Over the past five years, the question I’ve been asked the most (second only to “How many tattoos do you have?”) has been, “Have you ever tried yoga?”
The question was coming at me from so many directions that I couldn’t help but think that someone was trying to tell me something. The more synchronistic it became, the more annoyed I got.
I was sleeved. I listen to 60s garage rock. I do wardrobe, bartend part-time and drive a vintage falcon. What would make you think I’ve tried yoga?
The months leading up to the beginning of my yoga practice were grim to say the least. I had moved back to Los Angeles from Atlanta after a divorce. I couldn’t find steady work, even with eight years experience in one field and 15 years in the other. My cat was staying in the home of a woman I barely knew and didn’t particularly trust, and I was staying on a friend’s couch. I was more than thrilled to be a smoker and my favorite food group was cheese. (The latter still applies.)
My transitional phase had become a transitional rut, and I had doubts about my decision to come back to Los Angeles. I was convinced that I had made a huge mistake and that bartending in the dirty south until mustaches went back out of style was my destiny. There was something missing in me—a desire to change—and I was becoming desperate.
What I’ve not mentioned is that the couch I was staying on belonged to my best friend, who happened to be a yoga instructor. More synchronicity?
I clearly had the time for a new hobby. I also should drop that that I’m a perfectionist to a fault. Ironic, yet true and it kept me from trying new things: yoga, for example.
I had to be perfect out of the gate. I was confident in many areas of my life, but anything that could be considered sport-ish? Not so much in that area. I think it’s because I had always been shy, thin, and got more grief growing up than I care to admit. I typically stayed away from rigorous exercise. Yoga wasn’t rigorous exercise. It was then that I wondered why I had been so resistant. It was only stretching. Right?
(I will also tell you that I had a “borderline new age disorder,” which to me was a fate worse than death. It meant that I liked candles and I could meditate for 20 seconds. But you wouldn’t catch me dead near incense. I would have lit someone on fire if I had caught a scent of patchouli on them. I was convinced that yoga was done by people who wore tie dye and thought black should never be worn outside of a funeral.)
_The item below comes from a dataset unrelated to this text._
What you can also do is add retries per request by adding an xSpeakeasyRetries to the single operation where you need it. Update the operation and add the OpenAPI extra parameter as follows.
As it turns out, yoga isn’t just for hippies, nor is it for lightweights.
It’s been two years since I begrudgingly began my yoga practice in my best friend’s living room. My life has been slowly changing from the inside out, although you’d expect a physical act to do the reverse. My body tone and shape has changed completely none the less.
I cried my first few times on the mat. Getting into my body, and into my breath, brought me to tears. To hide my embarrassment of having a feeling, I immediately snapped at my teacher…which I suspect is more inappropriate than zen appropriate.
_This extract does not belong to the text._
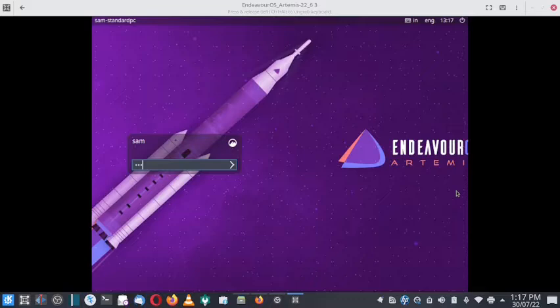In the next video we will remove the Cinnamon desktop which was installed earlier and then have a review of the Budgie desktop. So let us start.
I wasn’t about to paint an upside down cross on my yoga mat, but you understand. I was forewarned that it might kick up feelings, and still I kept going, breaking through the fear of not being perfect and doing it anyway. Like many, I am so easily frustrated and hard on myself, but there is no room for judgment on the mat, as my teacher tells me.
Laugh at myself when I’m screaming The Ramones out of my car window?
Judge my horrifying and quite frankly, humiliating decision of my first tattoo being a tramp stamp?
That should be judged twice just on principal alone.
Clearly I’m not perfect at yoga or at life…it’s called being human…but the days that I can challenge myself and hold poses that used to seem not only impossible but terrifying, have been incredible. There have since been some struggles and some unrelated injuries but I keep trying.
I try to remind myself constantly that it is only yoga, only movements (movements on so many levels for me, not just physical), and allow myself the room to grow, to continue to become stronger, to learn about myself, and I’ve found it infiltrating other areas of my world.
It’s shown me that I can still learn, even when I don’t want to, that I am still teachable, even though I give my teacher shit, and that I can achieve things that may not seem within reach. It’s taught me that yoga isn’t specific to Berkeley or Krishnas with no shoes.
Most importantly, it has taught me that when I can clear my mind and be present, I am able to get out of my own way. In that state everything is possible.